_DATA PROVIDED_
....

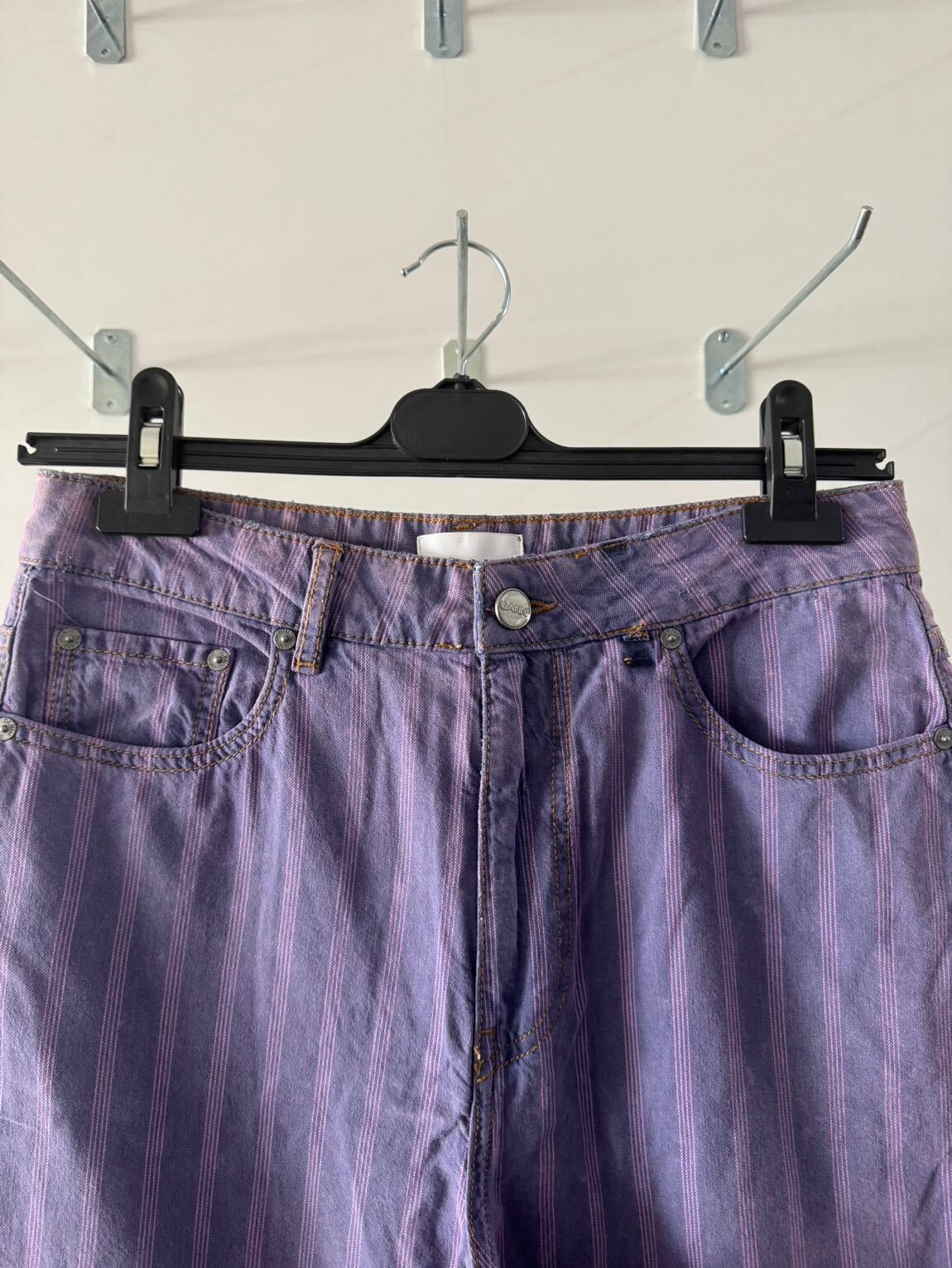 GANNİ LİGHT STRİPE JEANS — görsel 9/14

....

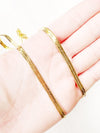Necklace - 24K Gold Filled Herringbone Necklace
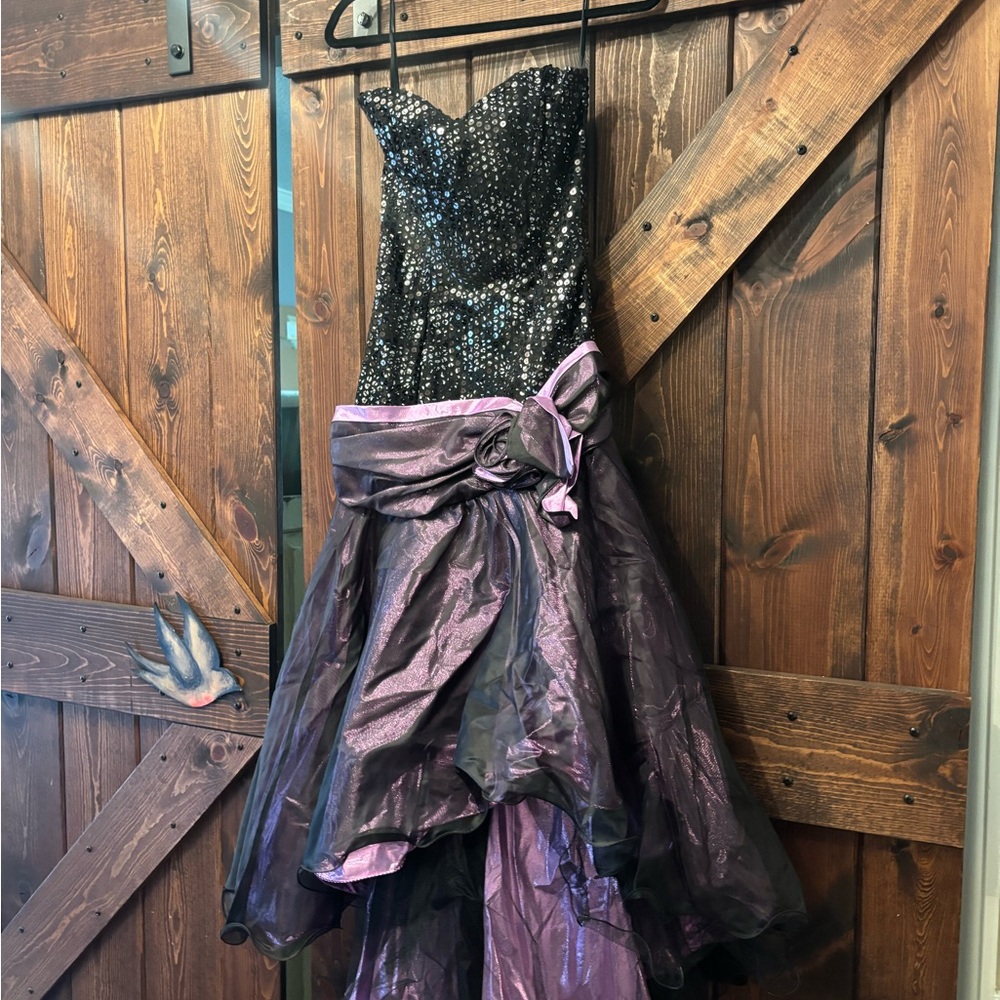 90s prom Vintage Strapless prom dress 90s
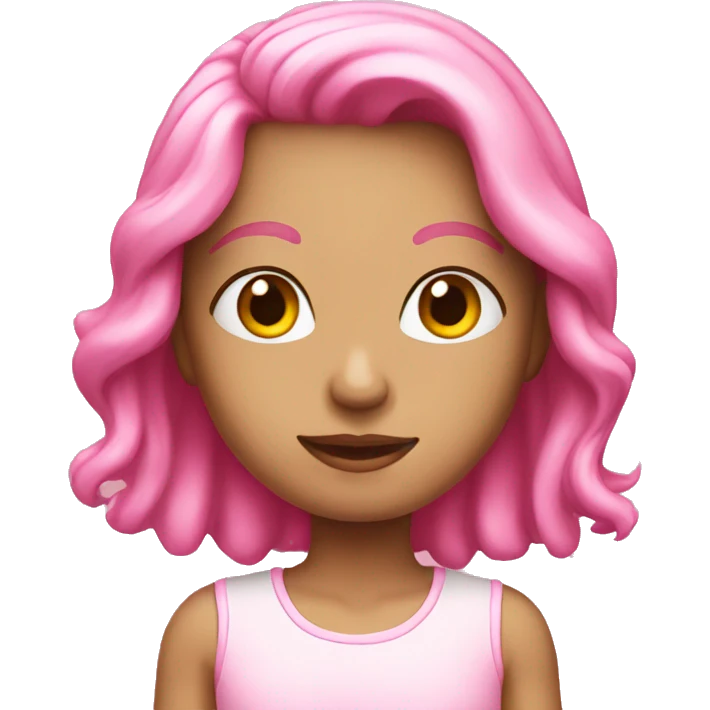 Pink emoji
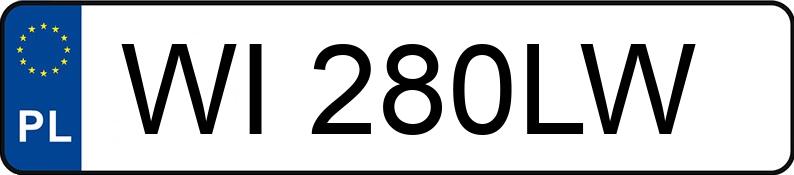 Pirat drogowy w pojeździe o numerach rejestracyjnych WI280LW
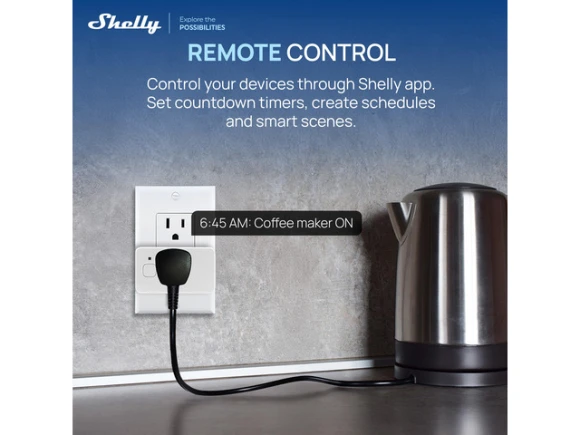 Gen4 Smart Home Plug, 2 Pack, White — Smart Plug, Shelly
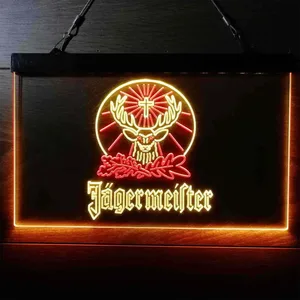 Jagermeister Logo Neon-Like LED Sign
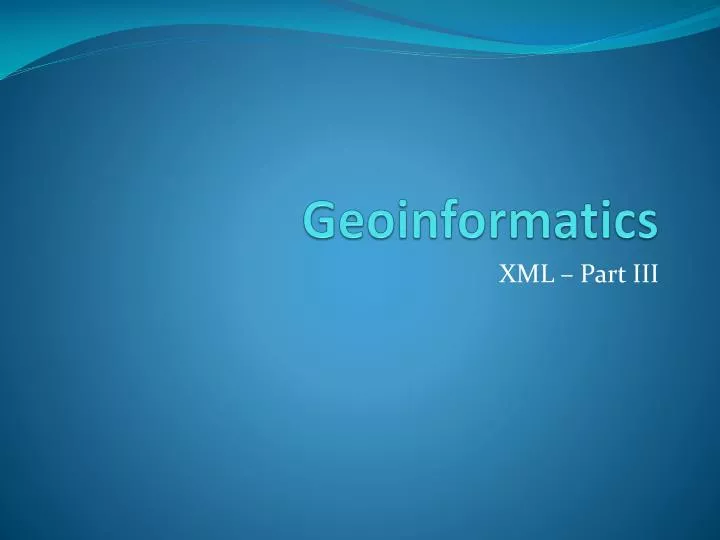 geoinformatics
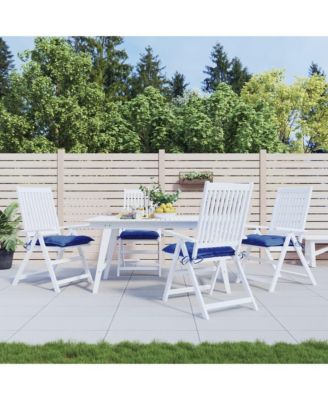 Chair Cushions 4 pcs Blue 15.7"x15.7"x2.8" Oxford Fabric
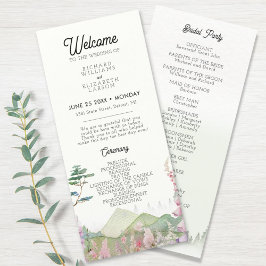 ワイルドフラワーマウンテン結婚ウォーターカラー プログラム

....

What's needed is an exact copy of the lines above from the one with "geoinformatics" through the one with "ワイルドフラワーマウンテン結婚ウォーターカラー プログラム", both included; the pictures stay out.

_ANSWER SPACE_
 geoinformatics
 Chair Cushions 4 pcs Blue 15.7"x15.7"x2.8" Oxford Fabric
 ワイルドフラワーマウンテン結婚ウォーターカラー プログラム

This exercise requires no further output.